2 Reasons Why Store Managers Don’t Hear Their Customers

listeningFor the store associate or manager who interacts with customers all day long, the idea of having to listen to their customers seems redundant. After all, listening to customers is what they do for their entire shift. But actively engaging with customers and distilling all of the voices into major themes is difficult. Honestly, most store associates “cannot see the forest for the trees” when it comes to listening to customers.

There are two reasons that store employees are too biased to be good listeners to their customers:

Recency: As humans, we are programmed to remember only the most recent things while the past becomes hazy. It is called the recency effect and it means that people tend to recall the most recent information about something above all else. When asked what customers think, we are most likely to only remember the customers of the past week and not remember past interactions well.

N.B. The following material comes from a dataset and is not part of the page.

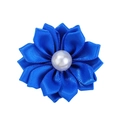 Gros plan détaillé d'une fleur en satin bleu avec une perle blanche centrale et soie - Bleu Azur (17)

Reinforcement: Another human trait is to remember facts well that reinforce our own beliefs and discount facts that contradict our beliefs. Called the confirmation bias, it causes us to listen and recall information that supports our pre-existing attitudes and beliefs while selectively forgetting the uncomfortable information that challenges us. For example, if a store associate believes that the reason sales are down is because the prices in the store are too high, they are likely to retain all of the comments from customers complaining about the prices and not recall comments about trouble finding parking.

For those reasons, store managers need to put tools into place that can actively inquire about customer experiences and objectively report the findings.